Preferred stocks give up early gains amid tepid trading; Urstadt Biddle, Citigroup price

By Stephanie N. Rotondo

Phoenix, Oct. 22 – The preferred stock market “faded at the last minute,” a market source said Wednesday.

The market had been up in early trading, but as the common equity market sold off, preferreds gave back a little too.

“The market was up about 5 [basis points] most of the day,” the source said. But then it erased those gains and finished flat.

However, a trader noted that activity in the space remained “pretty quiet across the board.”

Urstadt Biddle Properties Inc. announced that it had priced its proposed offering of series G cumulative redeemable perpetual preferred stock.

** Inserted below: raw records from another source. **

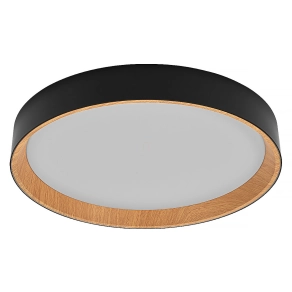   Osram Orbis Larios szabályozható mennyezeti LED lámpa, fa hatású, 36 W, 2000 lm, 3000 K, állítható fényerősség 3 fokozatban, fekete-barna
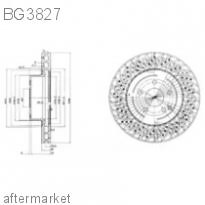 Front Brake Disc Set A2204210812  A2204212512 A220421251264 Compatible With MERCEDES-BENZ S-CLASS (W220, V220)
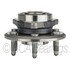 WE61544 by NTN - Wheel Bearing and Hub Assembly - Steel, Natural, with Wheel Studs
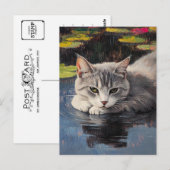 Claude Monet Cat Briefkaart (Voorkant / Achterkant)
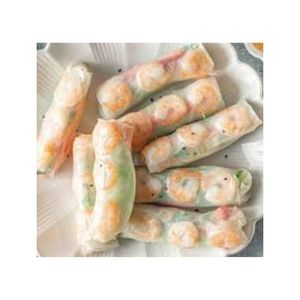 Papier de riz de marque ROSE 22cm pour faire des rouleaux de printemps vietnamiens Cha Gio 50x400g - Product Image 3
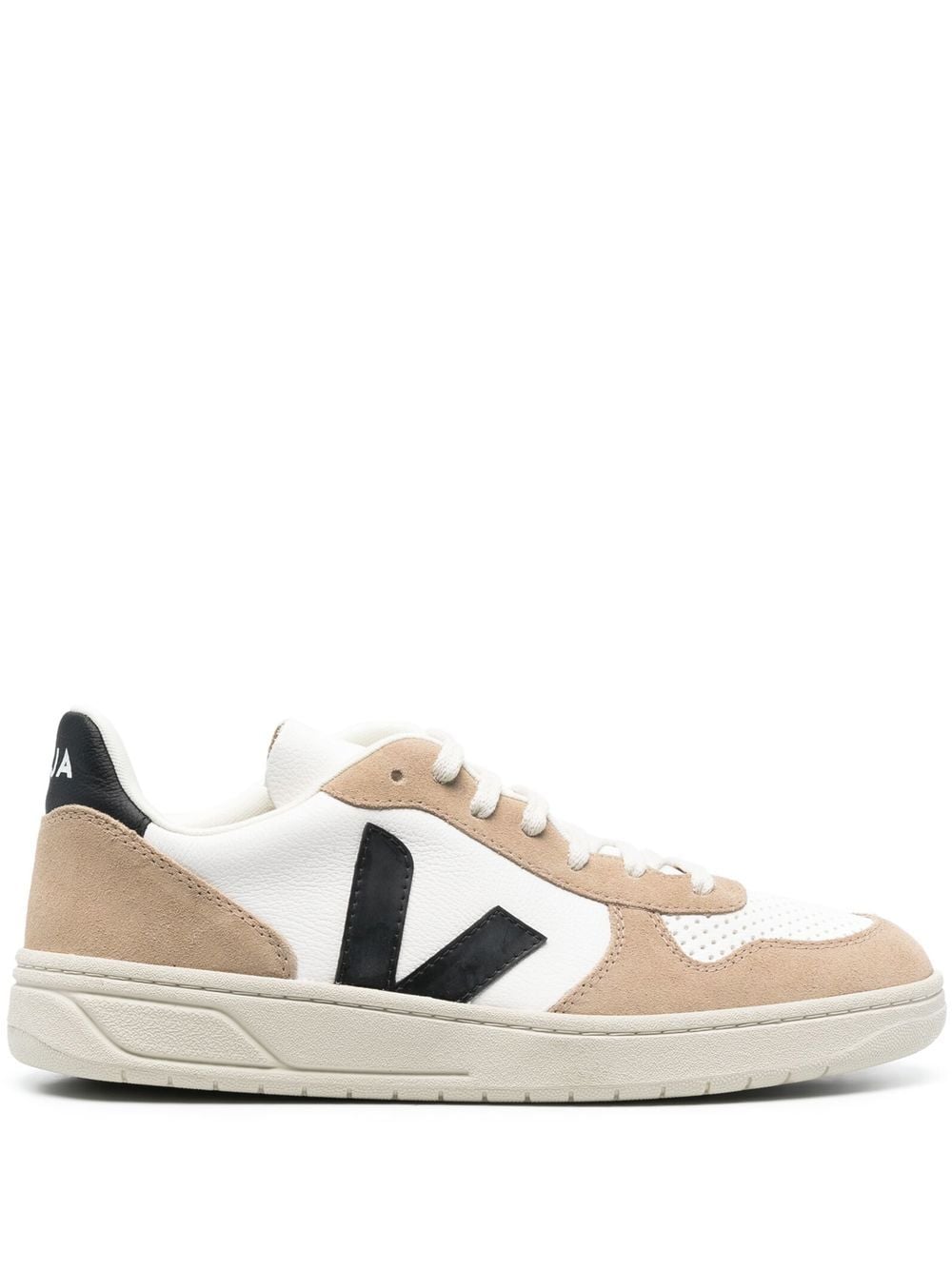 VEJA LOGO-PATCH PANELLED SNEAKERS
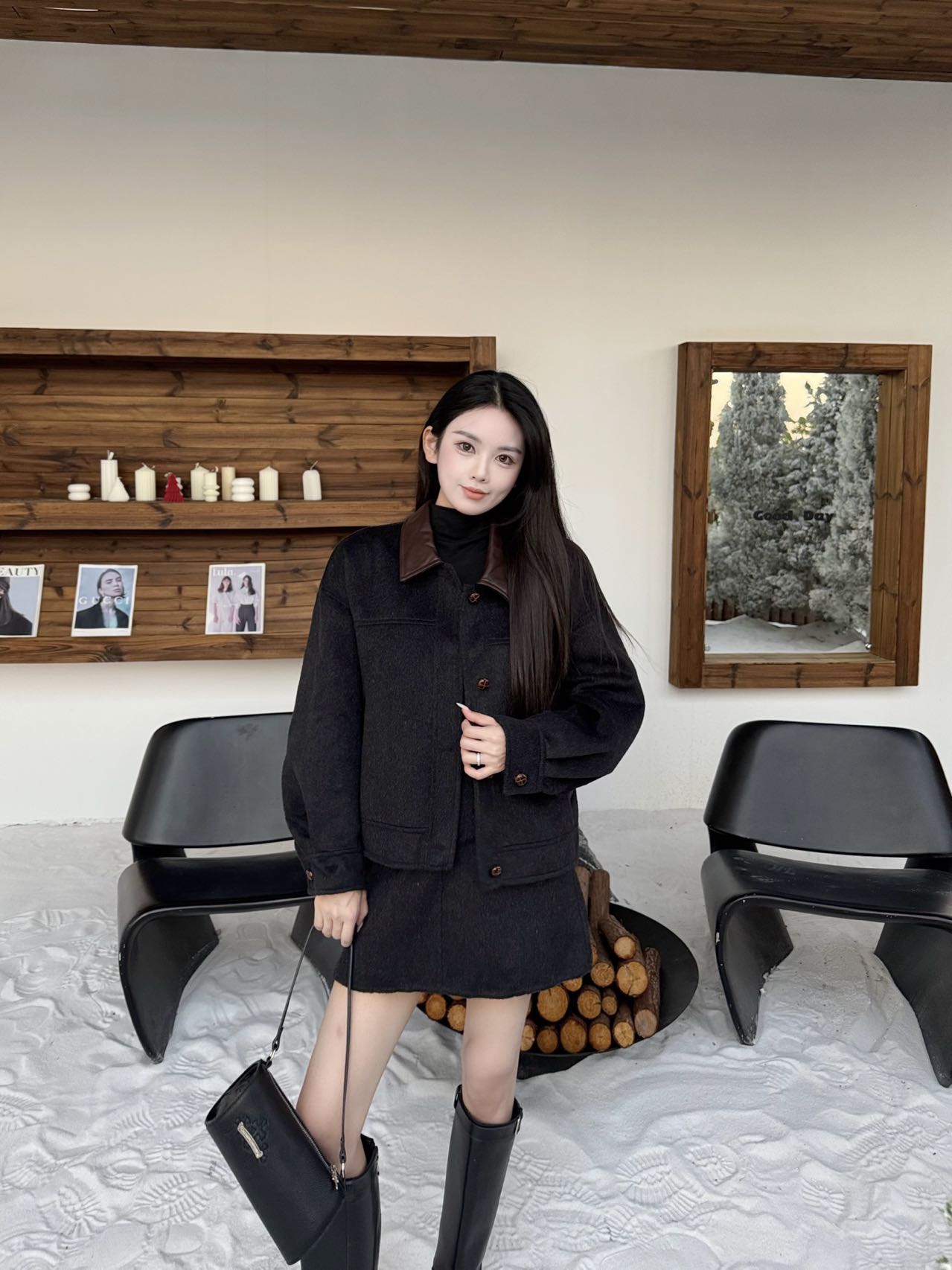 Brun 25fw wool suit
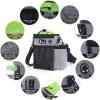 imagePecute Dog Treat Pouch HandsFree Dog Training Bag with Shoulder Strap Waist Belt Metal Clip and Foldable Bowl Builtin Poop Bag Dispenser 3 Ways to Wear Suitable for Training Walking GreyGrey  Green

The company launched the deal on Tuesday, with price talk in a 6.625% to 6.875% range. The deal came at par to yield 6.75%.

The deal was also modestly upsized to $70 million from $61.25 million.

A trader said the new issue was “doing well” post-pricing, seeing a $24.98 bid for paper.

BMO Capital Markets was the bookrunner.

Also in the primary arena, Citigroup Inc. announced and priced $1.5 billion of 5.8% $1,000-par series N fixed-to-floating rate noncumulative preferreds.

Price talk was in the 6% area, according to a trader.

Post-pricing, a source said he was seeing a 100.125 bid for the preferreds, adding that the paper was “maybe an eighth to a quarter [point] higher” earlier in the session.

The dividend will be fixed until Nov. 15, 2019, at which point it will begin floating at Libor plus 409.3 bps.

Citigroup Global Markets Inc. was the bookrunner.

Proceeds will be used for general corporate purposes.

Among Citigroup $25-par preferreds, most of the structure ended the day with a softer tone. The most actively traded issue, the 7.875% fixed-to-floating rate trust preferred securities (NYSE: CPN), fell 2 cents to $26.93.

Fannie, Freddie firm

Fannie Mae and Freddie Mac preferreds were again dominating trading in that space as investors pushed the shares into higher territory.

Freddie’s 8.375% fixed-to-floating rate noncumulative perpetual preferreds (OTCBB: FMCKJ) earned a nickel, or 1.27%, to close at $4.00 a share. Fannie’s 8.25% series S fixed-to-floating rate noncumulative preferreds (OTCBB: FNMAS) put on 2 cents, closing at $4.02.

Earlier in the week, the agencies said it was nearing a deal with its regulator that would allow banks to accept 3% down from borrowers with less-than-stellar credit. The deal is also expected to include when banks will be required to repurchase loans that turned sour.

The move toward requiring less money down on a new home could be good for buyers, but also for the housing market, which has not yet improved as much as some would have hoped.

However, the deal also has some investors scratching their heads, wondering if the two government-sponsored entities will ever be wound down, as many government officials have proposed.